Koalitionsverhandlungen zwischen der SPD und der PDS

Jetzt kommt das Linkskartell

Nach dem Scheitern der Verhandlungen über eine Ampelkoalition in Berlin versuchen die PDS und die SPD, die Neue Mitte neu zu erfinden.

Das höchste und wertvollste Gut der Arbeiterklasse ist die Einheit.« Dieser Satz, gesprochen von Otto Grotewohl am 17. Juni 1945, dem damaligen Vorsitzenden der SPD in der sowjetischen Besatzungszone, scheint seit der vergangenen Woche auch im wiedervereinigten Deutschland erhört zu werden. Sofort nach dem Abbruch der Berliner Koalitionsverhandlungen zwischen der SPD, der FDP und den Grünen wurde das Ungeheuerliche ins Auge gefasst: Eine rot-rote Koalition aus der SPD und der PDS in der Hauptstadt. Schwule und Kommunisten an der Macht. Ein Armageddon für Christdemokraten.

Am 4. Dezember beschloss der SPD-Landesvorstand einstimmig bei nur einer Enthaltung, Verhandlungen mit der PDS über die Bildung des Senats aufzunehmen. »Wir wollen zügig verhandeln«, sagte der Regierende Bürgermeister von Berlin, Klaus Wowereit (SPD). Und das klang ein wenig wie die Flucht nach vorn, denn die Gespräche zur Bildung einer Ampelkoalition hatten in einem Desaster geendet.

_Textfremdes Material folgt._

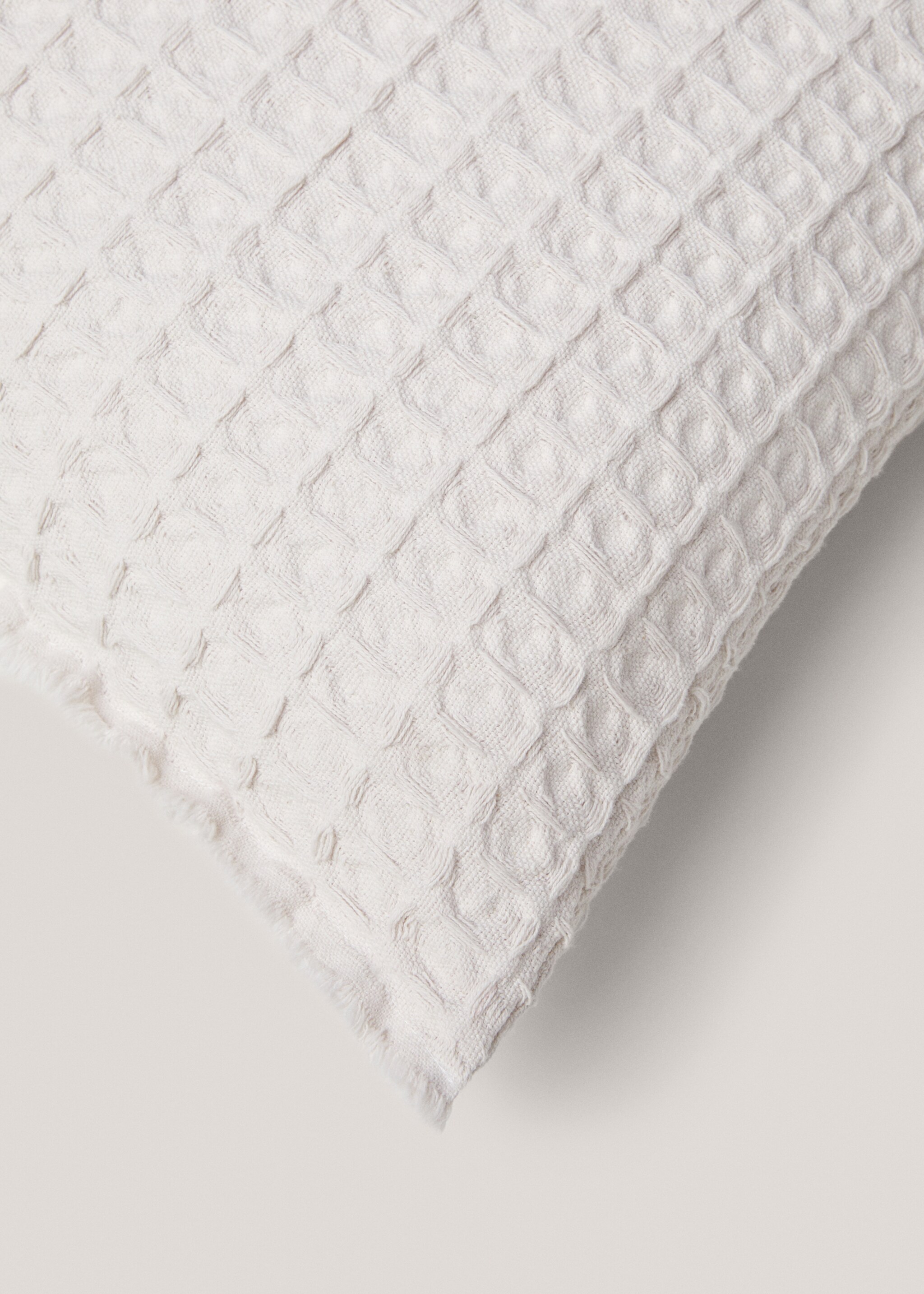Federa cotone waffle 60x60 cm - Dettaglio dell'articolo 1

Fast 60 strittige Punkte hatten sich in den Verhandlungen zwischen den drei Parteien ergeben. Auf einem Höhenflug schien sich dabei die gerade erst wieder ins Abgeordnetenhaus gewählte FDP zu befinden. Sie forderte u.a. Einsparungen in Milliardenhöhe bei den Personalausgaben, den Weiterbau der umstrittenen U-Bahn-Linie 5, ein privat finanziertes neues Teilstück der Stadtautobahn und die Abschaffung des Landesgleichstellungsgesetzes, das Frauen im öffentlichen Dienst gleiche Chancen eröffnet wie Männern. Das waren Forderungen, die den Grünen unerfüllbar erscheinen mussten. Die FDP schlug sogar eine Fahrradsteuer vor, um die Grünen zu provozieren.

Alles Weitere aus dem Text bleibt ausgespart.